Multiple Federal Agencies on Credit Risk Retention

Published on:
October 30, 2013

SIFMA, the American Bankers Association (ABA), the ABA Securities Association, and The Financial Services Roundtable (FSR) provide comments to the Office of the Comptroller of the Currency (OCC), the Securities and Exchange Commission (SEC), the Board of Governors of the Federal Reserve System, the Federal Deposit Insurance Corporation (FDIC), the Federal Housing Finance Agency (FHFA), and the U.S. Department of Housing and Urban Development (HUD) (collectively, the Agencies) on the Agencies’ proposed rule for credit risk retention.
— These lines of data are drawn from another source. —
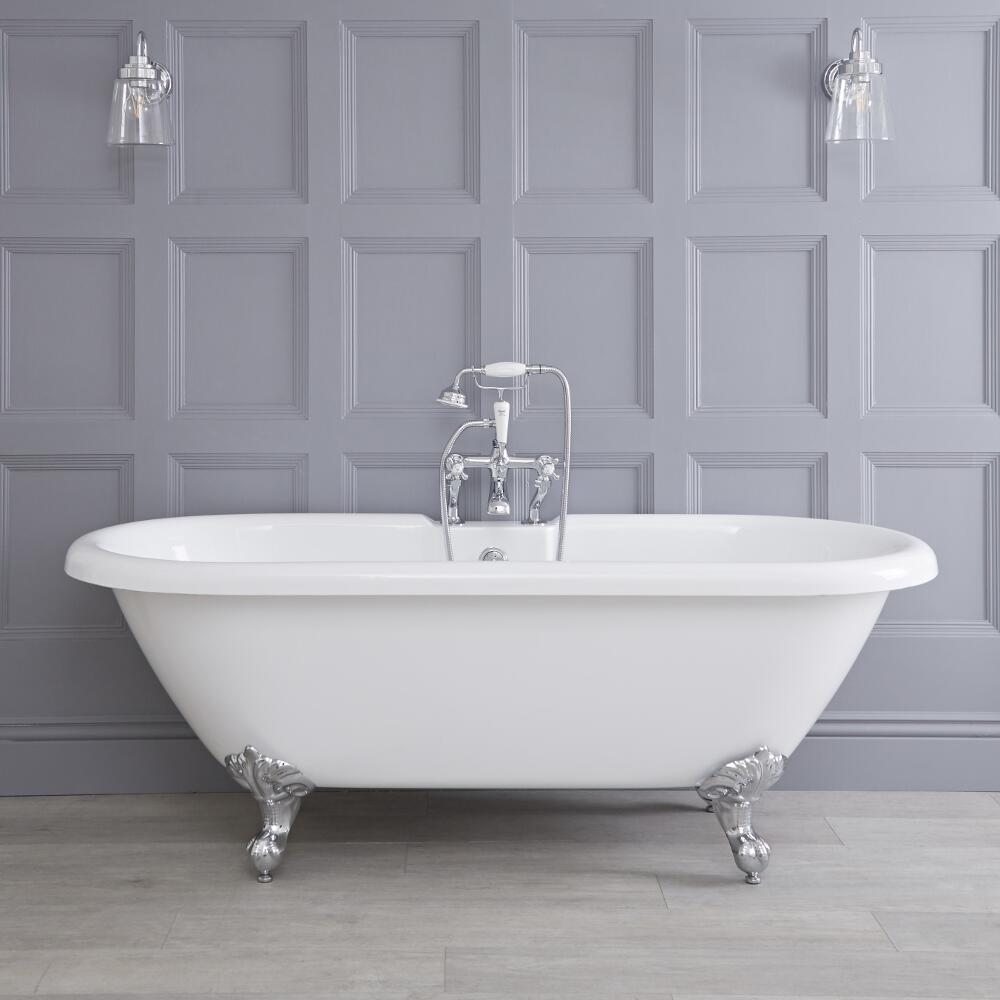 Baignoire îlot Rétro 78.5 x 179.5cm & Choix de pieds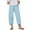 Light Blue, variant on lcziwo Summer Pants for Women Tulip Hem Linen Pants Elastic Waist Comfy Baggy Trousers Lightweight Beach Pants with Pockets Army Green S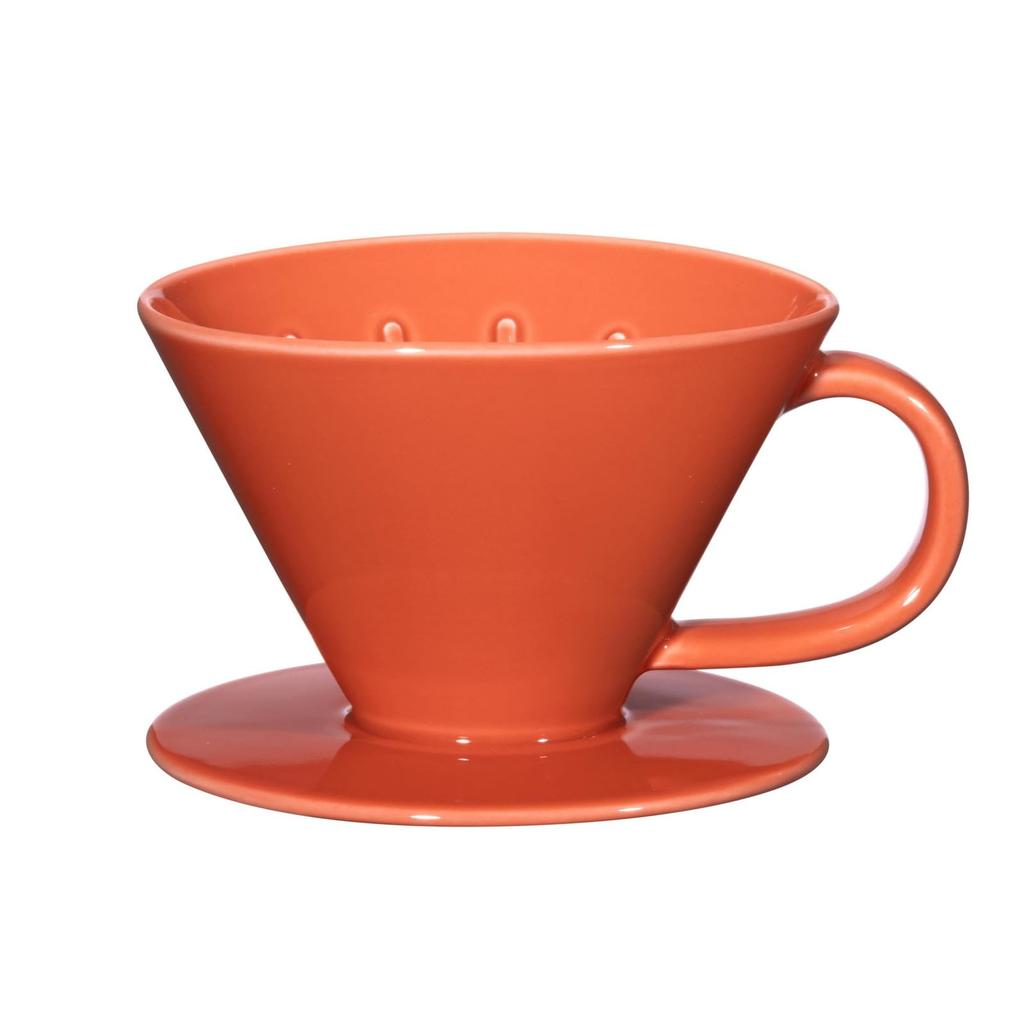 Hasami Ware Common Coffee Made in Product 26027 Dripper, Red, Diameter Approx. 13.5cm, Japan, Code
Although the Associations continue to believe that in important ways the re-proposed rules should be revised to address the positions we set forth in this letter, they appreciate and support many aspects of the re-proposed rules. In particular, the Associations strongly support the following features of the re-proposed rules: 

  1. the ability of sponsors to customize risk retention through any combination of vertical and horizontal interests; 
  2. differing rules for differing types of asset-backed securities; 
  3. removing the premium capture cash reserve account requirement; 
  4. harmonizing the definition of “qualified residential mortgage” in the re-proposed rules with the definition of “qualified mortgage” from Section 129C of the Truth in Lending Act; and 
  5. setting the maximum required retained risk at five percent (5%). 

In light of this, this letter focuses on recommendations that Associations believe would improve the re-proposed rules, while allowing asset securitization markets to continue to provide access to cost-effective credit to individuals and companies, and important capital markets investment alternatives for investors.